Those remarks link acquisition reform, force structure adjustments, and new platforms in a single strategic frame: diversify the fleet and the industrial base, and match platforms to missions more deliberately.
Budget context: steep increases for missiles and shipbuilding
The Navy’s public procurement posture sits inside a much larger Pentagon budget push. The Pentagon’s budget request for fiscal 2027 increases funding to $70.5 billion for missiles and related line items, up from roughly $24.4 billion in FY26—an increase the story quantifies as 188 percent over what was approved in FY26, according to Breaking Defense’s reporting. The Navy is also seeking $65.8 billion for shipbuilding in FY27, up from $27.2 billion in the FY26 enacted budget.
Those figures frame Cao’s remarks: large, fast-growing demand for munitions and ships creates pressure to expand production quickly and to find suppliers who can scale or complement established defense contractors.
How new entrants, legacy contractors, and the Navy may respond
- New entrants: Cao’s invitation is explicit—if a firm can deliver hardware that fits required interfaces (“fits in that tube, fits on the aircraft”), the Navy will consider it. New suppliers will need to demonstrate rapid producibility and compatibility with existing platforms.
- Legacy contractors: Cao cautioned he is “not trying to bash the old, the big 8 companies,” but said incumbents “sometimes…rest on the laurels.” That comment signals increased pressure on established contractors to accelerate innovation or risk competition from newer firms.
- The Navy’s acquisition apparatus: Cao tied procurement reform to the Golden Fleet and “tailored forces” concepts, suggesting the service intends to reshape acquisition rules or practices to accept multi-supplier solutions and more varied platform mixes.

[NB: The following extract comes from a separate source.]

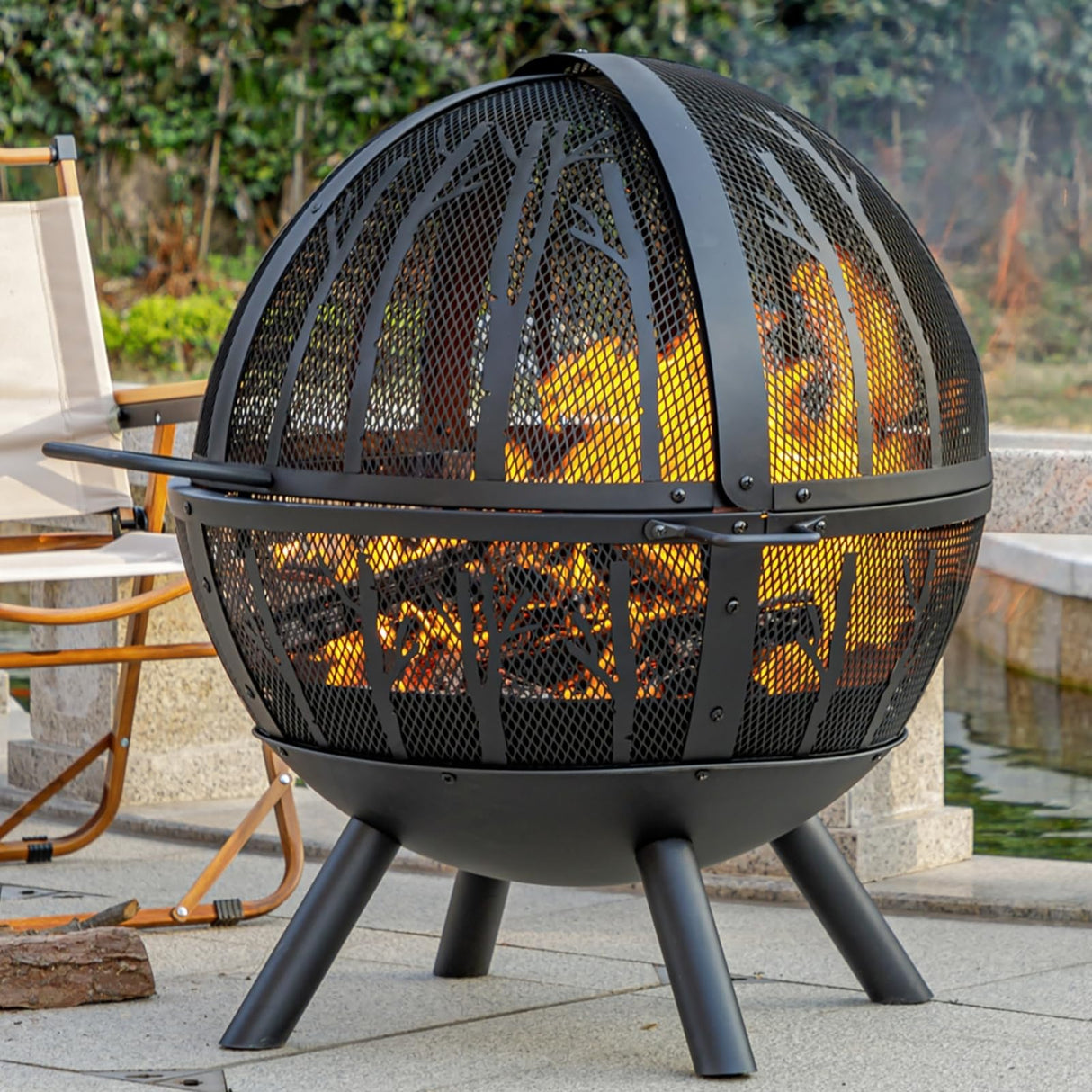 35 Inch Wood Burning Fire Pit with BBQ Grill, Heavy Duty Fire Pits Ball for Outside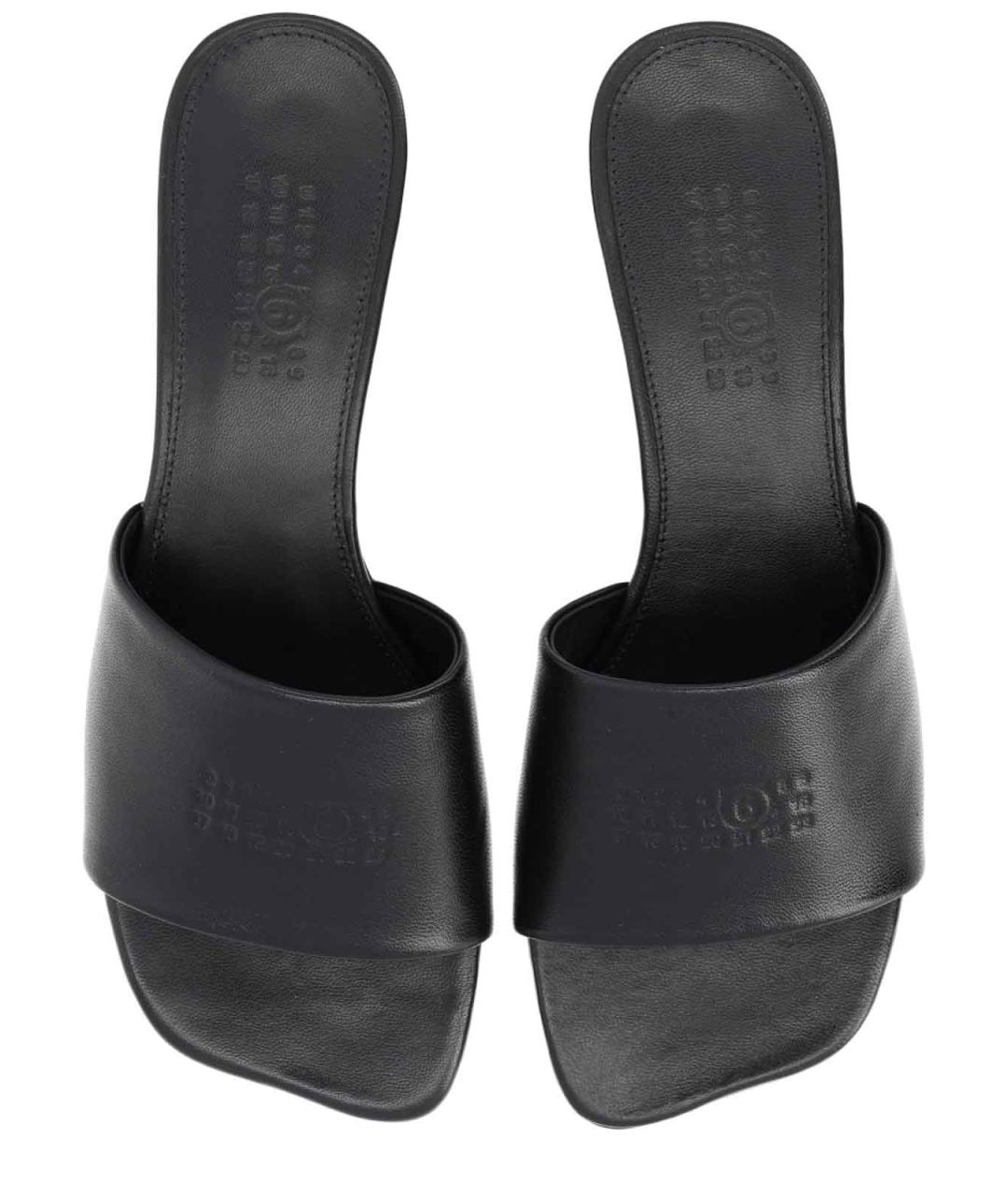 MM6 MAISON MARGIELA Черные кожаные мюли, фото 5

Cao’s biography, placed alongside his policy pitch, underscores why he presented the message in this form: he previously served as Under Secretary of the Navy, was confirmed to that role in October 2025, joined the Navy as a seaman recruit in 1989, graduated from the US Naval Academy in 1996, completed deployments to Iraq, Afghanistan, and Somalia, retired as a captain, and later worked as a vice president and client executive at CACI International. He was tapped last week to serve as Acting Secretary following the departure of Secretary of the Navy John Phelan.

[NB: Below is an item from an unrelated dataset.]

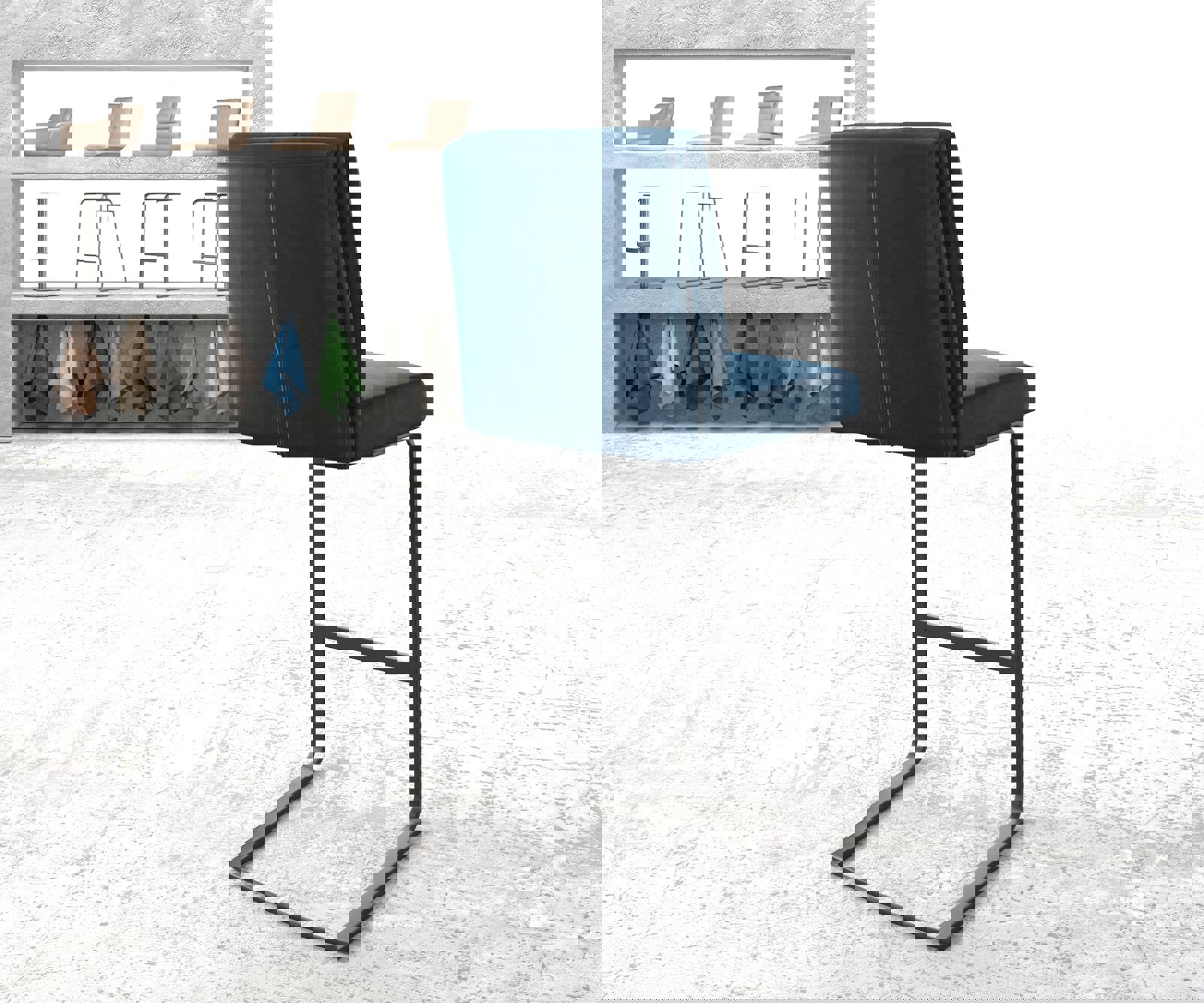 Barstuhl Pela-Flex Samt Blau Freischwinger flach Metall 2 Barstuhl Pela-Flex Samt Blau Freischwinger flach Metall 2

The core tension in Cao’s address is practical: big, immediate procurement demands—and sharply higher budget requests for munitions and shipbuilding—create an appetite for rapid diversification of suppliers and platforms. Cao has laid down an open invitation and an operating metaphor (“one thousand” missiles from many makers) that will now be tested against industrial capacity, certification processes, and the logistics of integrating disparate systems into a single force. Will alternate suppliers scale and systems integrate quickly enough to meet the Pentagon’s stated increases? Cao’s speech pushed that question from the planning papers to the expo floor.